My name is James Gawley, and I’m a PhD candidate in Classics at the University at Buffalo, SUNY. My dissertation is about how poets manipulate reader attention and memory to craft successful allusions. In particular I’m focused on Vergil’s relationship to Homer, which means I’m looking at Latin allusions to Greek poetry. I take two fundamentally different approaches to the research: on the one hand I gather responses from expert readers who try to formally describe the similarities between known allusions, and on the other hand I build computer models to derive all the points of similarity between the entire texts, not limited to known connections. I believe that when we compare what a computer derives and what a human notices, we will learn something fundamental about how allusion is signalled to the reader.

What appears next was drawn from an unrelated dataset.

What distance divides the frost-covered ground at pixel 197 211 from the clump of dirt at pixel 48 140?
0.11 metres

The first part of my GSoC proposal for CLTK involves two steps. First, I will add the dictionaries my friends and I have developed for suggesting Latin-to-Greek translations (and vice versa), as well as dictionaries of intra-language synonyms. Second, I will combine those translations and synonyms with CLTK’s ‘backoff’ approach to lemma disambiguation. Right now, the translation and synonym dictionaries suggest a list of words without telling the user which translation or synonym is more probable. But the probability of each translation or synonym is critical for many NLP applications. So what determines which translation or synonym is most likely? The answer is context, and that’s what CLTK’s backoff lemmatizer analyzes. Once these tools have been combined, CLTK users will be able to ask, for any given word in context, what the most probable translations or synonyms might be.
The second thing I’m going to do during my GSoC fellowship is to add pre-trained word embeddings to CLTK. Embeddings are a way of getting at the meaning of a word through the context in which it appears. For example, the words ‘monarch’ and ‘king’ probably appear in similar contexts in an English corpus. The neat thing about embeddings in particular is that they use latent variables that are so finely tuned that they incorporate all the contexts in which a word appears, and one can add or subtract parts of that context with interesting results. To take a famous example, if one subtracts the vector-representation of the word ‘man’ from the vector representation of the word ‘king’ in a well-trained model of English, the resulting vector representation is closest to that of the word ‘queen.’ In other words ‘king’ – ‘man’ = ‘queen’ in English. The same thing is true for the Greek and Latin vector models I have trained for Latin and Greek, which I will add to the CLTK.
I’m looking forward to working with Patrick Burns and Kyle Johnson over the next few months, and I can’t wait to make this technology available to the CLTK user base!